La Muerte sigue agarrando con fuerza mi mano y sus ojos azules, antes fríos como témpanos de hielo, me contemplan ahora con una mezcla de diversión y tristeza. Ladeo la cabeza, agotada, deseando con toda mi alma que todo termine de una vez por todas. Los párpados se me van juntando poco a poco a pesar de mi esfuerzo para mantenerlos abiertos.
Y entonces, como herida por un rayo, comprendo cuán grande fue mi error al coger la mano de la parca. Tuve que haber elegido a la Vida y no a la Muerte, pues la Vida me ofrecía sorpresas maravillosas, emociones y aventuras, algo que la Muerte jamás podría darme pues solo me ofrecía paz y descanso, pero también más frío y dolor del que hubiese tenido en vida. Al comprenderlo, intento llorar a causa de la amargura y la desolación que invaden mi corazón, pero es inútil. Ni una sola lágrima corre por mis mejillas. Mis ojos ni siquiera se humedecen, están secos. Intento gritar pero, una vez más, mis cuerdas vocales me traicionan.
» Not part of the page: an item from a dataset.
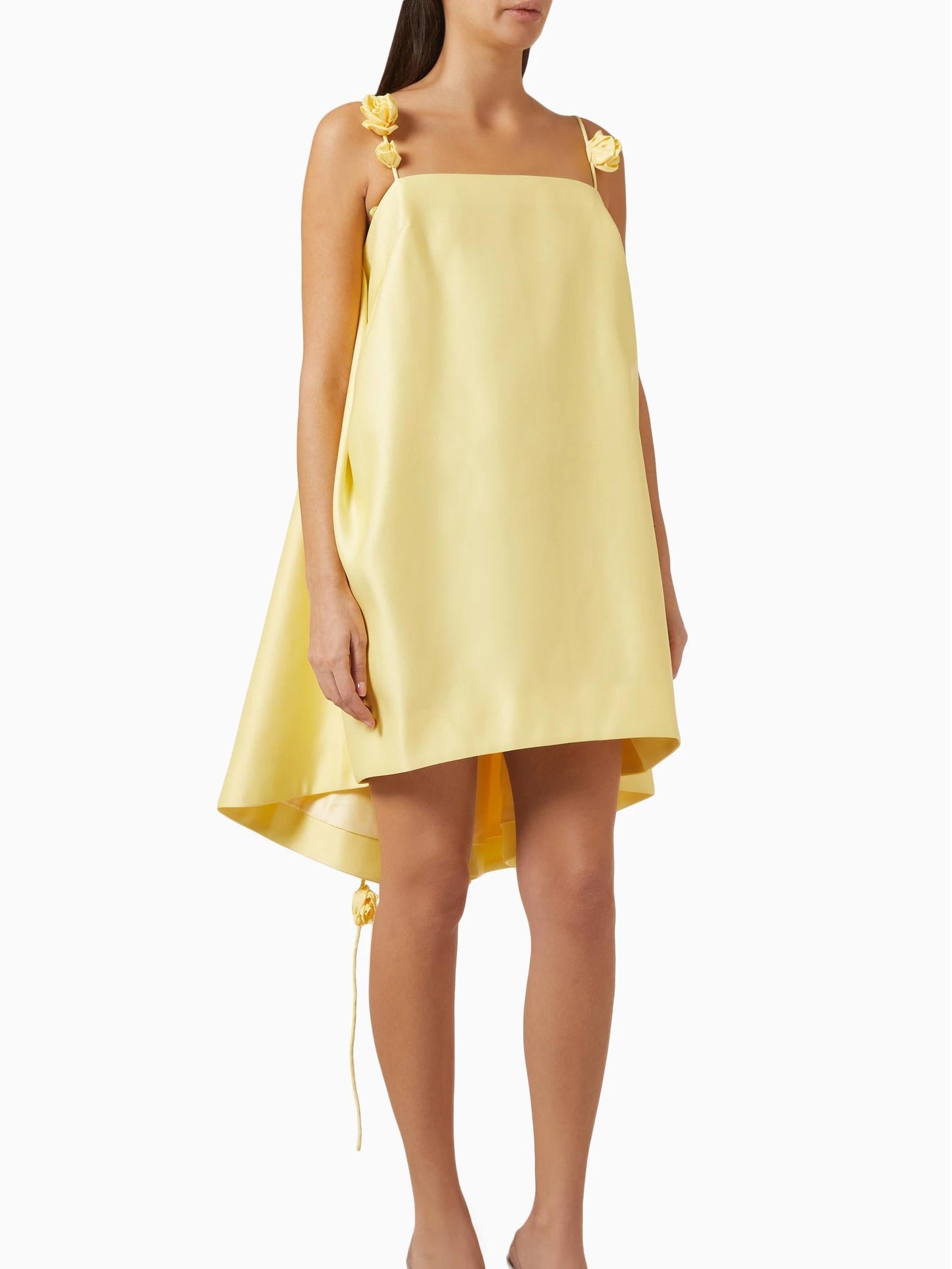 Vestido mini high-low con escote recto y tirantes 3D trail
El dolor se intensifica, me muerdo la lengua para intentar contrarrestarlo con un sufrimiento más intenso y dejo caer la cabeza junto a los pies de la Muerte, que sigue sin soltarme la mano.

Lo último que saboreo es el sabor amargo de la propia sangre proveniente de mi lengua.
Lo último que huelo, el olor dulzón que desprende la Muerte.
Lo último que siento, el áspero, desagradable y helado tacto de la piel de la joven sobre mi mano.
Lo último que oigo, el estremecedor sonido del trueno.
Lo último que veo, los ojos del color del trigo de la Vida, que me observan con una mezcla de comprensión, tristeza y dolor refulgiendo en lo más profundo de su mirada dorada.
Y lo último que pienso es en lo hermoso que habría sido volver a experimentar los rayos del sol de la mañana acariciándome la piel, la suave brisa jugueteando con mis cabellos, el tacto de la hierba empapada de rocío; volver a ver por ultima vez el fulgor argénteo de la luna llena sobre un cielo nocturno plagado de brillantes estrellas, los siete colores del arco iris sobre una verde e infinita pradera, los resplandecientes y cálidos rayos del sol naciente alumbrando un nuevo día con su anaranjada y suave luz…

Mis ojos se cierran al fin y mi corazón deja de latir, cansado ya de tanto sufrir. Mi cuerpo muere con los latidos de mi corazón. Y mientras, unas negras brumas se van apoderando de mi mente, arrojándola de forma cruel y violenta al más gélido y oscuro pozo sin fondo para no dejarla escapar jamás de las sombras.

Para sumirla en el Sueño Eterno.
Para encadenarla a la noche sempiterna sin luna ni estrellas.
Para hacerla cautiva del mundo glacial y negro que rige la Muerte.